Wednesday, April 23, 2008

Worth It

My wife is amazing. She is so strong and beautiful, but she is so much more than just a wonderful mother and faithful wife, she is my true and dear friend. She is my best friend.

I've taken her for granted though. I have allowed my interests to take precedence over the precious few hours a day I actually get to see her. (Yes, I realize the irony of writing a post concerning lost time with my wife while she is upstairs, but bare with me)

So, I need to make a choice now. I have no disillusions about what the most important parts of my life are and who the most important people in my life are, but it is time I start acting like it. Friendships are important, but Jessica has to come first. My teaching for Sunday school is an enriching and important part of my life, but Jessica has to come first. My job pays the bills and keeps food on the table, but Jessica has to come first.

Jessica is the completion of my very being.

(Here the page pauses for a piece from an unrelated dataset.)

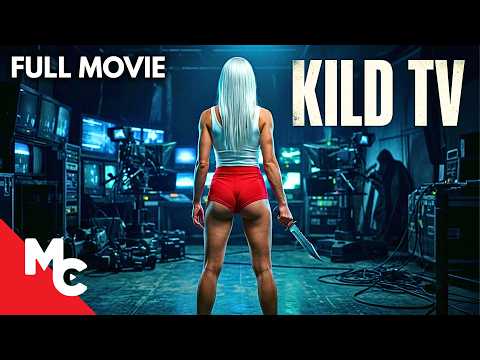 Trapped At Work With A Murderer Inside | Kild TV | Full Horror Thriller Movie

She is worth my attention and my love and my time.

She is worth dying for.

She is worth it for me to lay down my life, to die to my own desires, so that she might know her amazing worth.

I write this mostly more for me, but in truth, that was the point of this blog in the first place...to put my thoughts out there so I could reflect on them and do the things I know I should do. It also helps to have them here, open to the ones of people who also read these thoughts and make me accountable to someone other than myself.

Thursday, April 10, 2008

Finding Joy

I have been teaching about joy this month, finding ways to be happy in God even when things don't go your way. It is more than a little ironic that I've had such a hard time staying joyful lately. My days are not filled with gloom by any means, but I have had more than my share of moments where I just want to shut down. Moments where I just want to be alone and allowed to stare at nothing without being asked why. I don't want to talk about it. I don't know how to verbalize what I'm feeling. I just want to be invisible for a little while...


The future gives me pause. I don't know where I'm going and I feel like I'm letting everyone down. I feel my heart pulling me in too many directions trying to connect and reconnect and console and encourage and teach and follow and listen and learn, but I end up not doing any of them well. Tonight I feel lousy, as a father, a husband, a son, a brother, and a friend.

But the things that God has provided still anchor me; my amazing wife and beautiful child, my family and friends, and the sacrifice that God made for me is enough to make me realize my worth again. So, I'll move forward. I'll find ways to be happy in God because He is a good and faithful God, whose guidance will lead me on my journey towards understanding.

Saturday, April 5, 2008

Stupid Plastic Card


All things come to an end.  Gone are the days of disposable income, or perhaps more appropriately, gone are the days of waste-able income.  That is really all I did when I was feeling a little down or something shiny caught my eye or I was in a good mood.  Pretty much anytime I felt like it really, I would just blow money on things I didn't need and ultimately didn't even want.  I would never allow myself to carry cash.  That was always a guaranteed way to get the economy stimulated..giving me cash money.  For me personally, it is better to have all cash put away where I can't see it.  I see stacks of money and I want to give it to people who will give me things like movies and candy and video games.  I have gift cards collecting dust because if I use them, they are gone.  Something about them makes me want to get something really good, because they are gifts.  I can't use them to get something practical, I don't want practical things for my birthday or Christmas.  So instead I hang on to these little pieces of plastic and stare and things that might be cool to have, yet I'm afraid that once I turn over my gift card for this latest ware, they will bring out the real latest and greatest techno gadget that does twice as much for half the price.  So, I keep my little plastic card.  Who knows, maybe someday they will have a cooler looking gift card I can buy with it.